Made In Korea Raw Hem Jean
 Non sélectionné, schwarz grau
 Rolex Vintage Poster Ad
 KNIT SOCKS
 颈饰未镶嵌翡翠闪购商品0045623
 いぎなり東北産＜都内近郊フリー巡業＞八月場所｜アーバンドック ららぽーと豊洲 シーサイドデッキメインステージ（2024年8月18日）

== REQUIRED WORK ==
Within the records above, the line carrying "Non sélectionné, schwarz grau" starts the range and the last line ends it. Set down that range exactly.

== EXERCISE SOLUTION ==
 Non sélectionné, schwarz grau
 Rolex Vintage Poster Ad
 KNIT SOCKS
 颈饰未镶嵌翡翠闪购商品0045623
 いぎなり東北産＜都内近郊フリー巡業＞八月場所｜アーバンドック ららぽーと豊洲 シーサイドデッキメインステージ（2024年8月18日）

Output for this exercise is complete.